If I had to pick the one thing I've consistently been working towards and struggling with, it is a deeper connection with my intuitive self. Recently, I picked up Clarissa Pinkola Estés Women Who Run With the Wolves, a book I bought way back when everyone was reading it. Based upon the bookmark still in the book, I never finished it. I started reading it again this past weekend and it speaks to me now in ways I realize I was in no way ready to comprehend when I was younger. The one gift of getting older is re-discovering art, books, words that reveal insights visible only to eyes that have seen and experienced more of Life.
Reading Estés, I am uncovering where I am in the process of reclaiming the gifts I believed where closed off to me. Cultivating the ability to listen to and then trust my intuition is my major task in learning to believe in myself as a creative, competent, loveable and loving person. It is comforting to read that one never loses one's intuitive abilities; it is the connection to one's inner wisdom that is weak and needs to be rebuilt. But there still has to be in place some sort of trusting of that voice. My problem has always been discerning which is the voice of fear scaring me away from my soul's dreams, and intuition which is working on my behalf to keep me safe and on course.
So I read this passage with senses alerted: "There is no greater blessing mother can give her daughter than a reliable sense of the veracity of her own intuition. Intuition is handed from parent to child in the simplest ways: 'You have good judgment. What do you think lies hidden behind all this?'" As a daughter and now as a mother, this transmission of trust leaps out at me as The Task that proceeds all others. How to recreate this transmission for myself is the question.
I've read about strengthening intuition by starting small. Driving to work, I gently inquire "which route should I take today?" And then I ventured off my usual route and land smack in the middle of an accident and huge traffic jam. My problem is, I'm not clear as to which voice speaks first and like a dog sitting between two toys, I'm conflicted as to which impulse to act upon.
But I am reminded of the one time when I stayed the course, even when all signs appeared to be telling me to change direction. Thinking about Cowgirl and her centrality in my life, I realize I dwell on her so much because for so long I tried to convince myself that parenting was not the right path for me. When I was younger, I would say "one day I want to have a child ... just not now." "Not now" stretched out over years and then I began to believe maybe being a mother was not a role I wanted to take on. I was teaching yoga, deep into my own studies, loved to travel and I needed and craved solitude on a regular basis. A child just would not fit into my life.
Thankfully, there was a teeny tiny part of me that recognized the deep sadness whenever I would say "I don't think so" in response to the question "do you want to have children?" Wiser women recognized the fear and doubt in my eyes because that is exactly what held me back from embracing the notion of motherhood. I can point to one conversation over tea where the seeds of believing were planted in my consciousness by a dear friend who talked about how parenting would transform me and my practice.

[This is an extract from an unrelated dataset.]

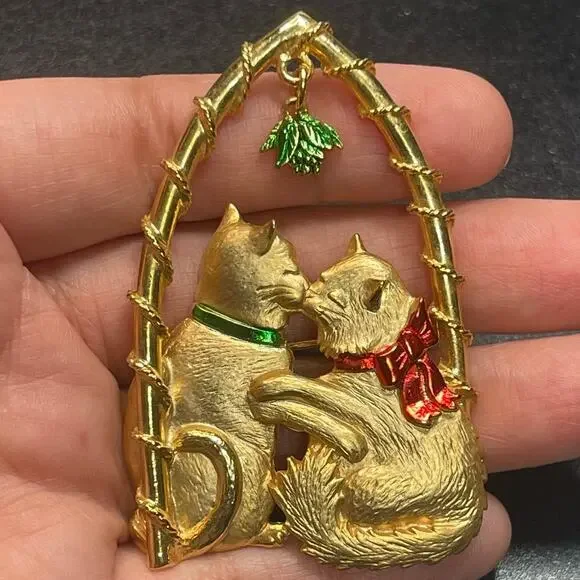 Jonette Jewelry Kissing Cats Mistletoe Pin Christmas Signed 2.5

A few years later (because it does take me that long to let trust to sink in) I found myself unexpectedly pregnant. Here was the sign I was waiting for! The universe was telling me the direction to move. Except a few weeks later I miscarried. So what now? Looking for signs, I would say I was being directed towards my original course. Except I ignored those "signs" and decided to follow my heart. And that path was like wading forward into the ocean, wave after wave trying to knock me over. Each step required me to stand strong, affirming "yes, I want this" when everything seemed bent on dissuading me from my dream.
I am realizing intuition is not always a voice that I will hear in my head. Intuition, for me, comes when I act before thinking. I believe the impetus comes from my heart. It is a feeling inside that directs me to impulsively sign up for a course that I've just heard about; say "yes" to a spontaneously offered invitation; run after a person I just met in store and invite them to a concert; lock eyes with a dog or cat and declare "that one!"; or pick up the phone and ask for an application to adopt. Connecting to my intuition is like trying to hold onto a soap bubble: try too hard and it pops. I have to stay soft, open and relaxed.
When I think about some of these moments when I was guided by my intuition, I think "those were a good decisions; what lies hidden behind all of it?" In ever instance, a force greater than myself moved me to act. Looking at my daughter, I realize the only thing that could have conquered my immense fear and doubt was Love. I focus upon her in my art and my writing because she is the most tangible sign of my living Fearlessly. In remembering that act, I am connected with my inner Warrior. I recognize my power and I know I will cultivate a healthy relationship with my inner sage.
Most of all, I hope to teach my daughter to hear and trust hers.
above is a project for the Radiant Goddess ecourse. Together, Cowgirl & I painted with our fingers our expression of Radiance.